After splitting up with Kathy and spending a couple of months single, Archie patiently pursued Rachel Hughes and eventually she slept with him and they began a relationship. Rachel is devastated when Archie is sent to prison. Archie is released from prison in January 1989, halfway through his sentence, for good behavior and begins working as a barman at The Woolpack again. He resumes his romantic liaison with Rachel but later discovers that she is having an affair with married Pete Whiteley. Devastated at Rachel's betrayal, Archie becomes depressed and begins drinking heavily. He resents Rachel and begins to blame Nick for having him sent to prison. He pushes out all of his friends but eventually with support from Nick, Kathy and Seth he comes around and recovers from his depressed state. He continues to resent Rachel for her betrayal, but they later becomes friends again when Archie supports her when her mother Kate is sent to prison for accidentally killing Pete Whiteley while drunk driving.

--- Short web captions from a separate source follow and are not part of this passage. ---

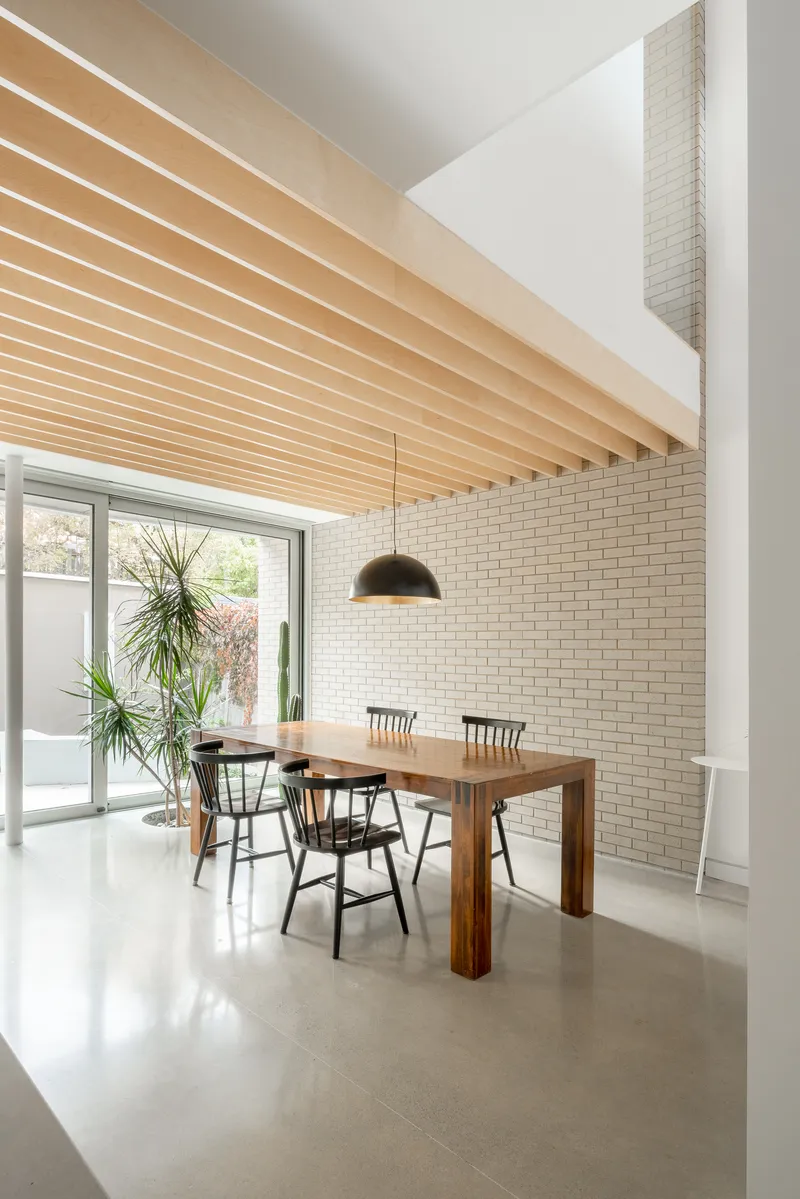 Dining area with white brick wall, exposed timber ceiling joists, and glazed doors to garden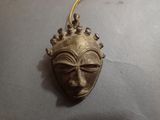 an image of a gold colored mask hanging from a gold chain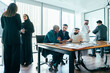 © oneinchpunch - International corporate business team meeting in dubai office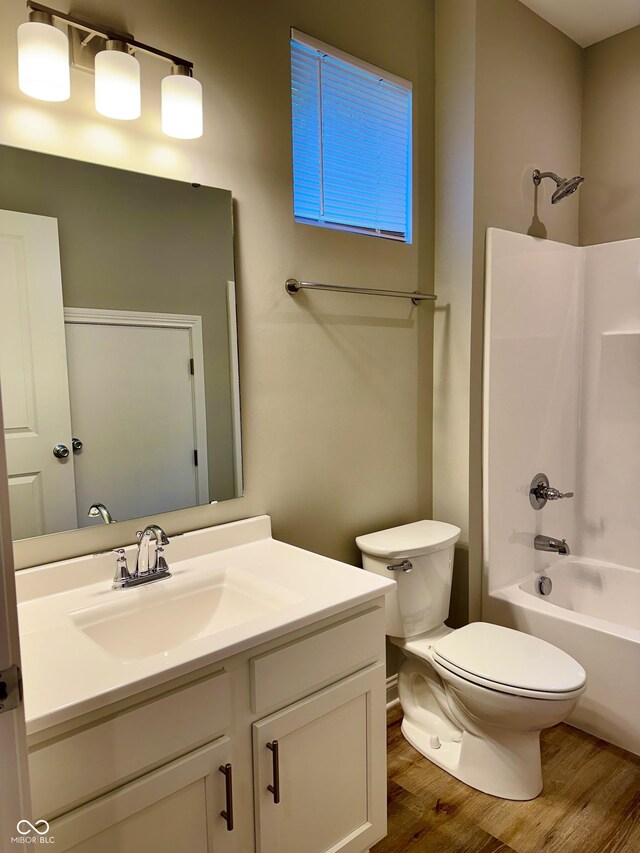 857 N Oakland Ave, Indianapolis, IN 46201 - full bathroom featuring wood finished floors, toilet, vanity, and shower / tub combination
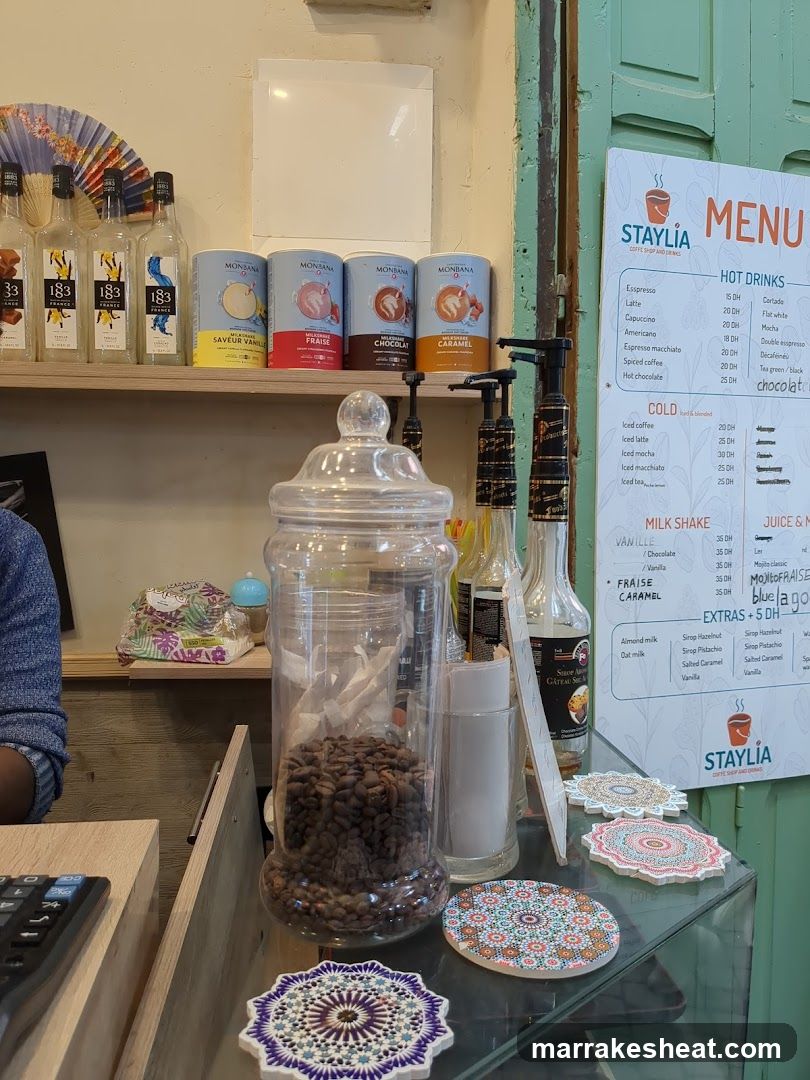 A close-up view of a coffee shop counter featuring a glass jar filled with roasted coffee beans, decorative coasters, and bottles of syrup or flavoring. In the background, shelves display packaged coffee products and liquor bottles labeled '183'. A menu board on the right lists hot drinks like espresso (₹20), latte (₹35), and milkshakes such as vanilla (₹40) and chocolate (₹40). The setting suggests an inviting café environment with warm lighting and organized product displays.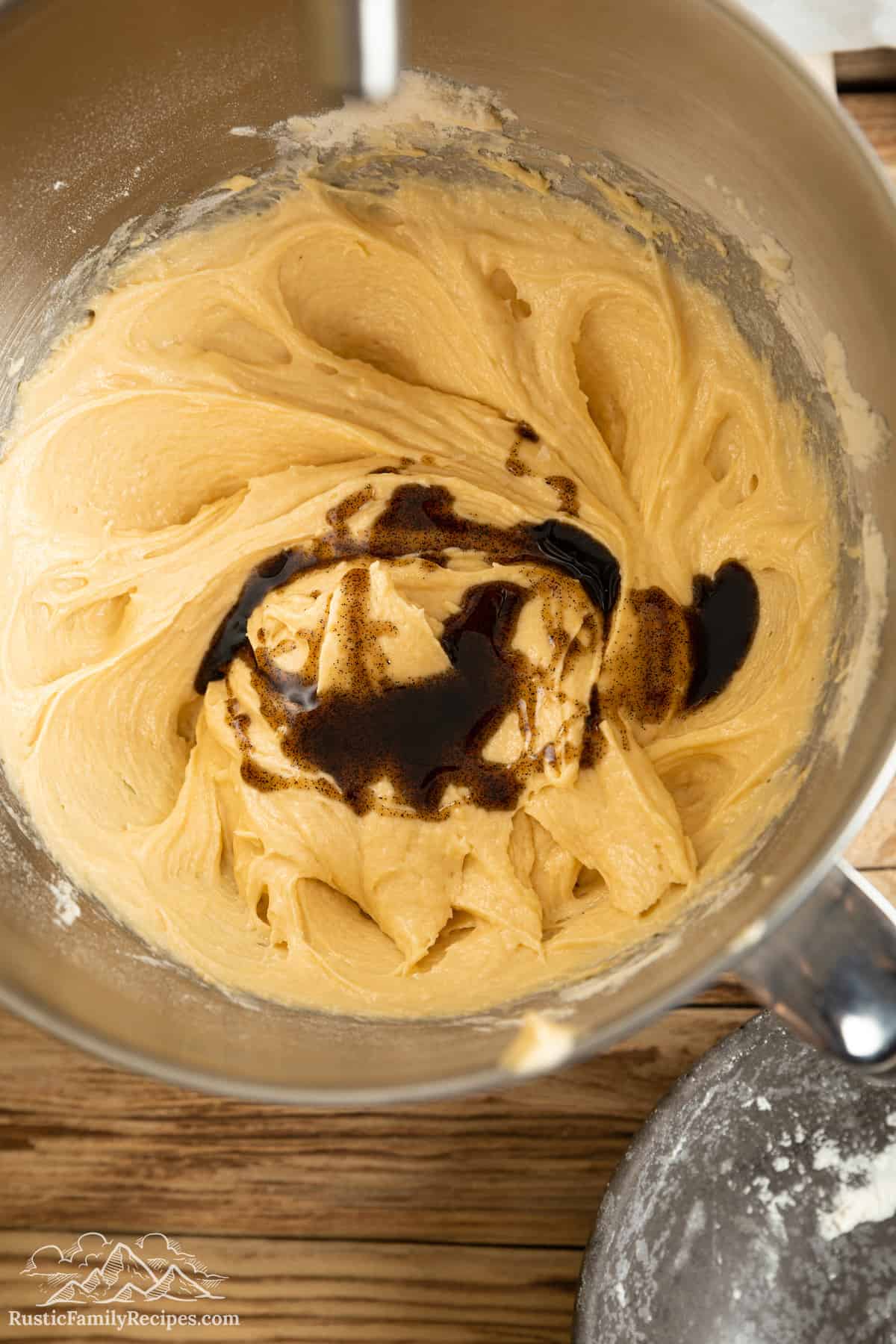 Vanilla is added into cake batter in the bowl of a stand mixer.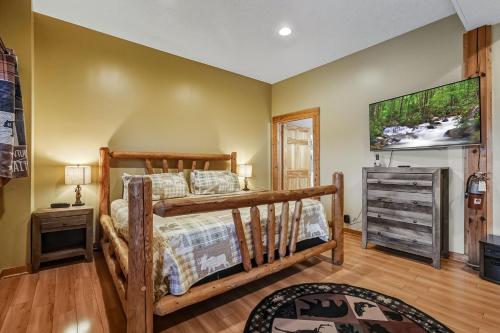 a bedroom with a bed and a dresser and a television at Tranquil View by American Patriot Getaways in Glade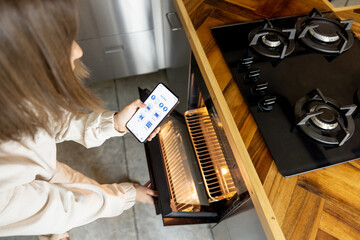 Woman holding phone with running smart home application, controlling kitchen devices remotely. Smart kitchen appliances concept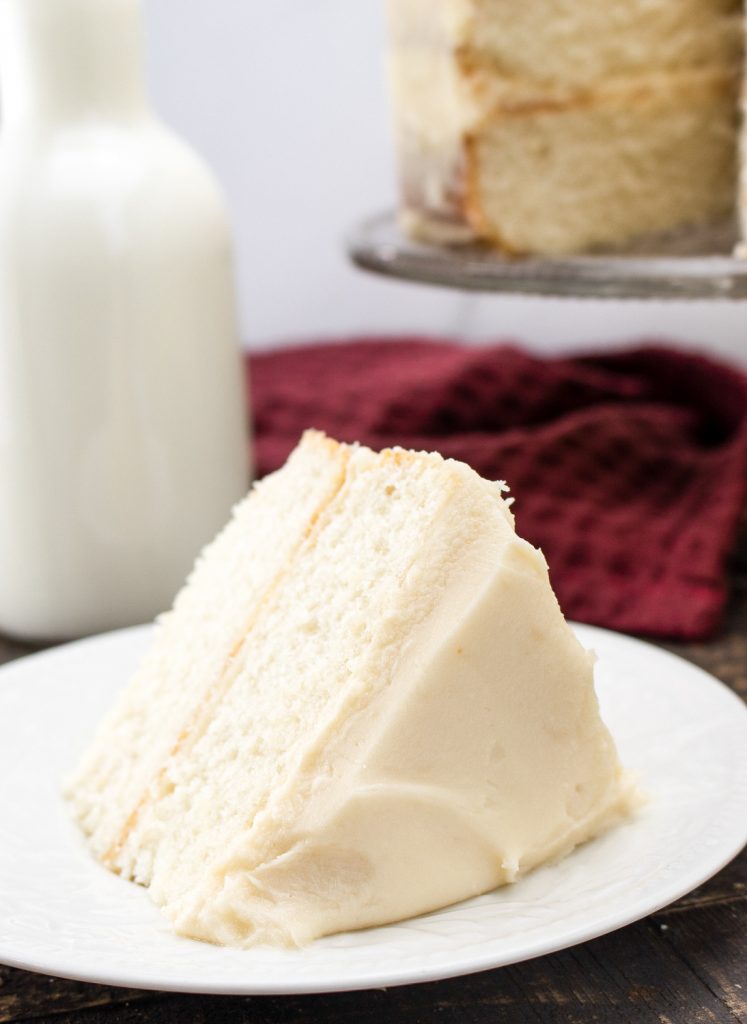 American Buttercream Frosting cake on a white plate.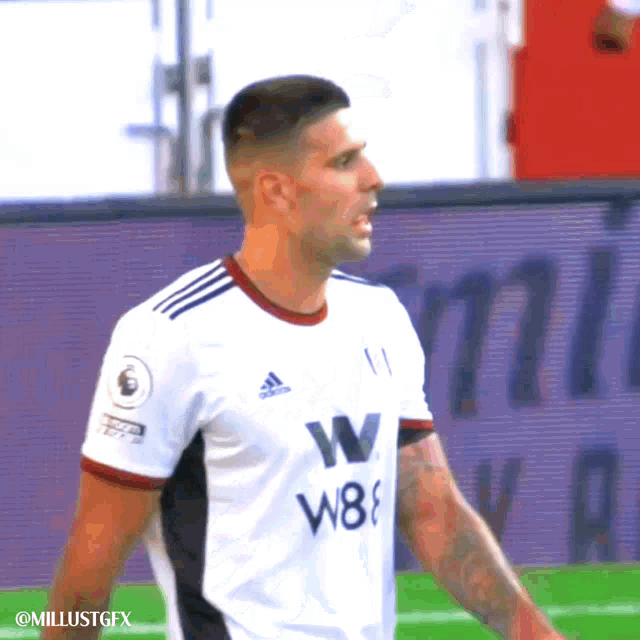 a soccer player wearing a white adidas jersey with w8 on it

However, later in 1989 Nick's brother-in-law Jackie Merrick is killed after accidentally shooting himself while hunting a fox with Seth for a bet. Nick blames Seth for Jackie's death and leaving Kathy a widow, and he enlists the help of Archie to set fire to Seth's Hide as revenge. However, the police are alerted and although Nick escapes Archie is caught and arrested. Feeling guilty as Seth was his friend, Archie pleads guilty to arson at his trial and is sentenced to twelve months in prison. Nick later visits Archie in prison and Archie forgives him for having him put in prison, and gives him a letter to give Seth telling him that he was sorry for vandalizing his land.

Archie grows close to local vet Zoe Tate and they begin sleeping together. However, after a couple of months, Zoe reveals to Archie that she is gay. Archie is devastated and nearly relapses into alcoholism, but sees sense and he and Zoe decide to remain friends.

On New Year's Eve 1993, Archie and Nick go to The Woolpack and encounter Seth and Lynn Whiteley. Seth and Lynn wind Archie and Nick up over the rumors that Elsa is spreading that they are gay lovers in order to strengthen her case in her custody battle for Alice. Archie and Nick then leave the pub following an argument with Seth and Lynn but as they are walking home a plane crashes on the village. Archie and Nick are blinded by jet fuel and a ball of fire engulfs Archie in flames. Archie is never seen again and is presumed dead by the village, although his body is never found.